5 Dystopian Novels That Will Change The Way You Think
“Dysto-what?”, you may well ask. But you’ve probably heard of a utopia, an imagined place or state of things in which everything is perfect. Well, a dystopia is just a utopia with a flaw. Writers often use this in order to highlight a fault in society or to suggest what could happen in the future if things continue as they are, making for a fascinating read! Below are 5 of my favourite dystopian novels that will change the way you think about our society. (Yes, it really is that dramatic).

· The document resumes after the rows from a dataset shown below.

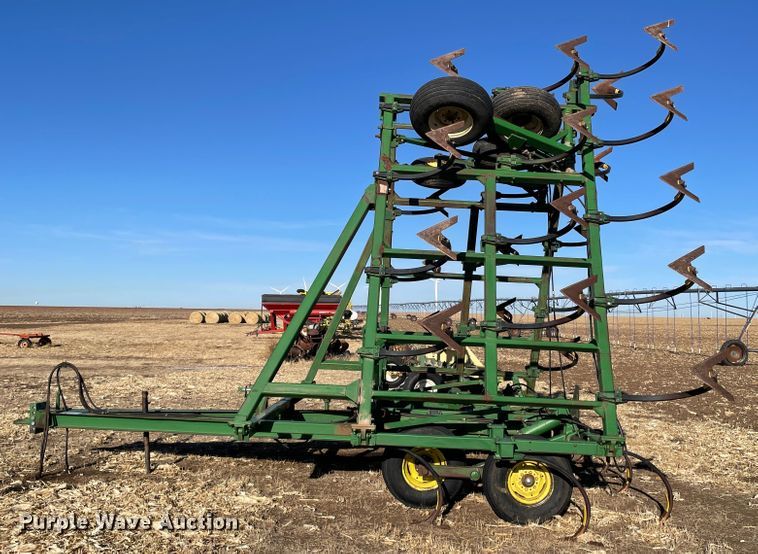 image for item DN0192 John Deere 610  field cultivator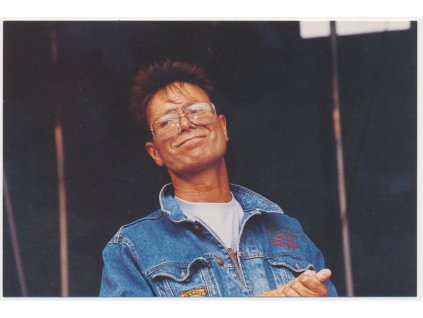 Richard Cliff (1940), britský zpěvák, propagační karta s vlastnoručním podpisem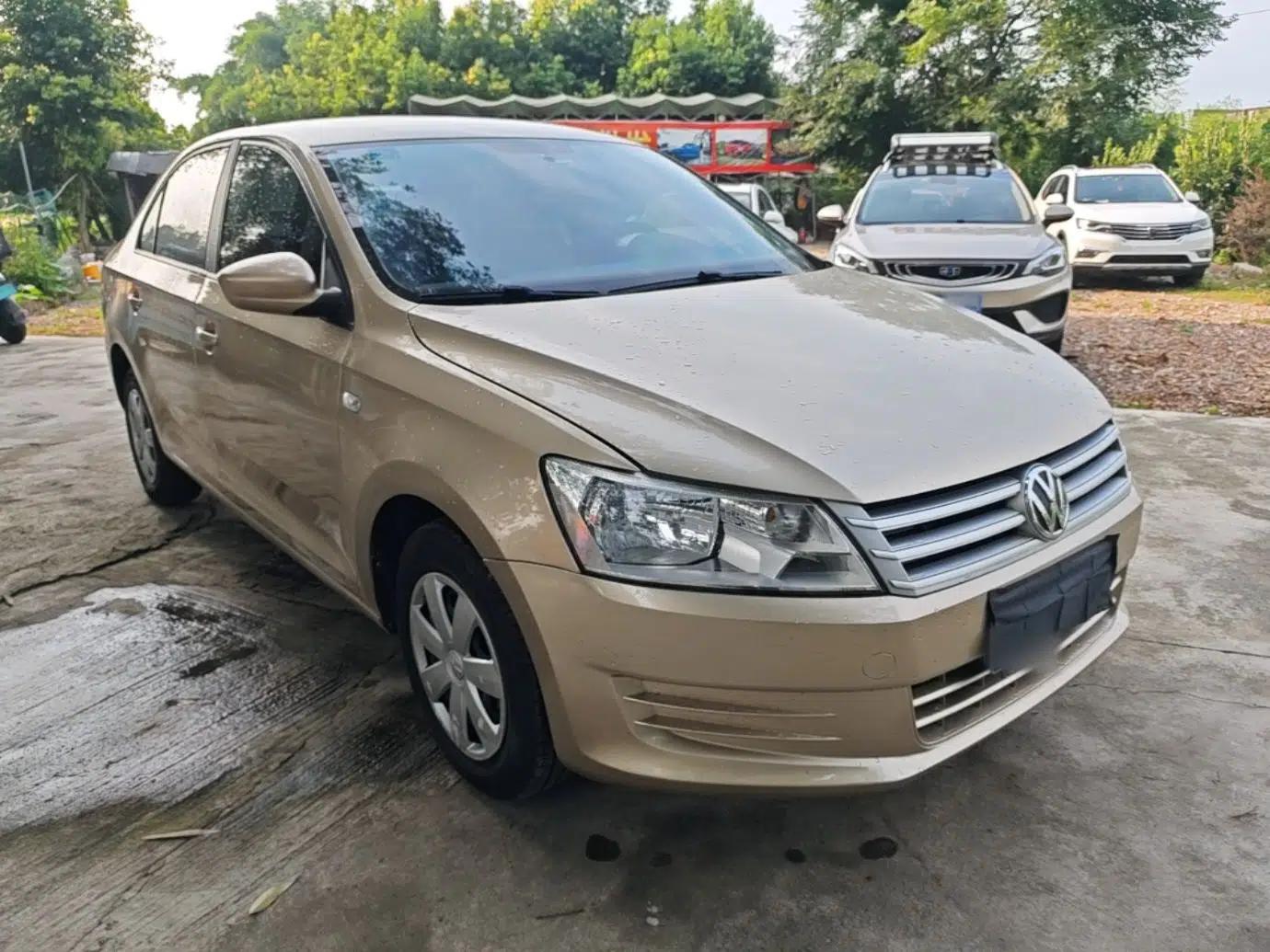 Volkswagen Santana 2015 1.6L Manual Fashion Edition — миниатюра 3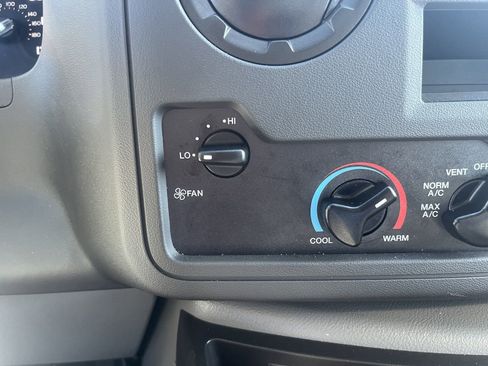 New 2024 Ford E-450 and Econoline 450 Super Duty w/ Power Windows & Locks Group image 25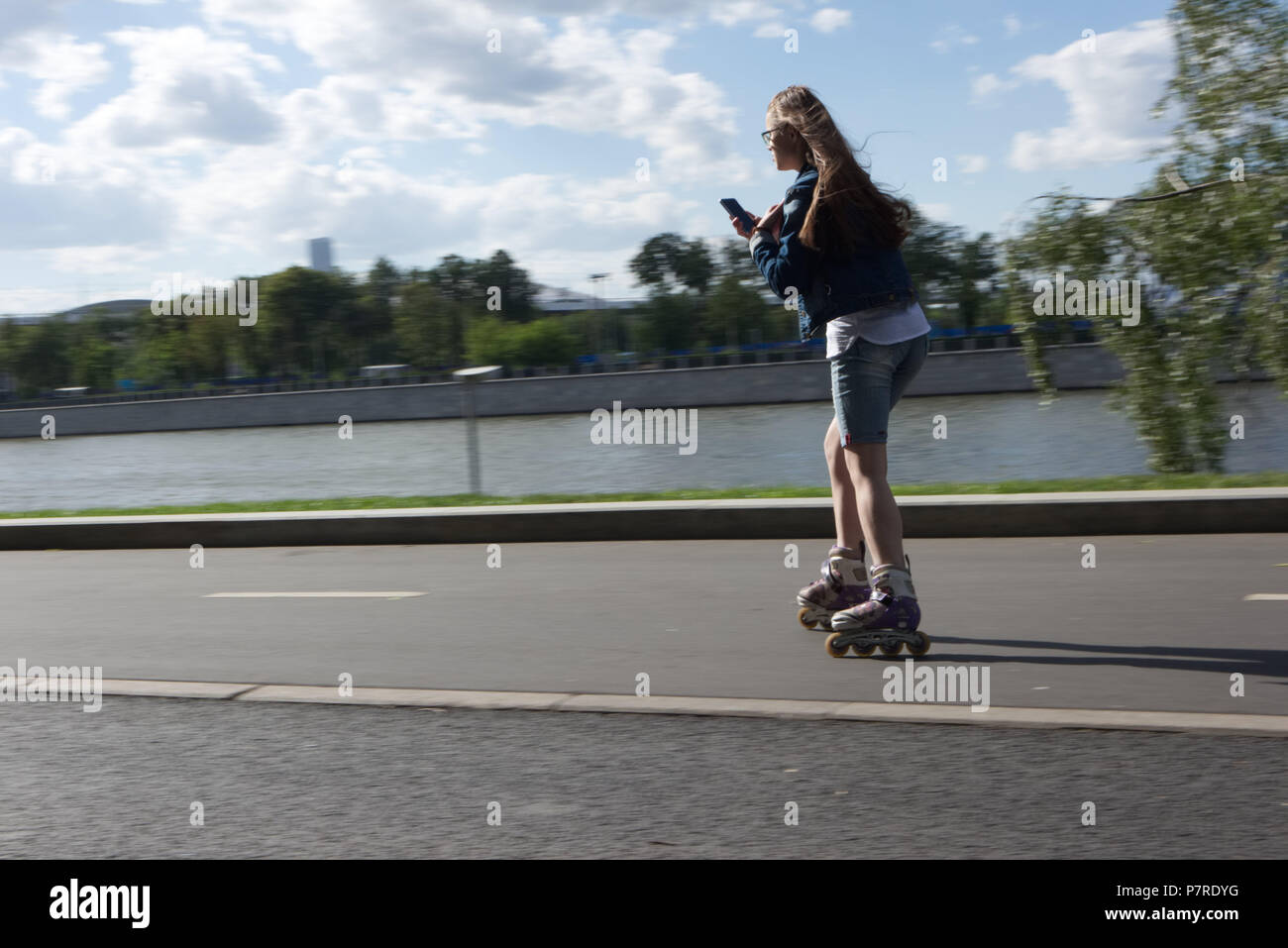 Composition abstraite pour les concepteurs avec woomen sur patins au printemps journée ensoleillée dans le parc Banque D'Images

1. The Handmaid’s Tale by Margaret Atwood
Despite having analysed this book to death for my A Level English coursework, I would read it again without hesitation. In Atwood’s dystopian future, the USA has been replaced by a totalitarian state in which fertility rates have fallen so low that reproduction now has to be provided as a service by the handmaids. We find out that the problems initially arose in a society very much like our own, where porn was widely available and pollution was causing fertility rates to drop. I think this is why the novel is so frightening; the dystopian society is so familiar to us that we start to imagine that the government could actually have to turn to something like this in the future. It may seem far-fetched, but I challenge you not to draw disturbing parallels as you read. What’s more, the majority of the seemingly fictional measures and practices described in the novel, have actually been taken straight out of the history books.
2. 1984 by George Orwell
Have you ever wondered why we say “Big Brother is watching you”? How about “Room 101”? Orwell’s influential masterpiece will leave you questioning what it is to be human. Written in 1948, this novel is often seen as a prediction of what the western world would be like by 1984. While the prophecy hasn’t proved to be entirely accurate, let’s just say that you’ll probably notice some alarming similarities to our society today. For example, today’s increasingly topical issue of constant surveillance, whether it be through CCTV or the internet, plays a huge part in the Party’s (the government in 1984) state control. As well as this, Orwell also shows us the potentially dangerous consequences of ever-advancing technology and the problems associated with having a privileged social elite (a group Orwell names the Inner Party). Perhaps we should rename it 2048 and just wait and see…?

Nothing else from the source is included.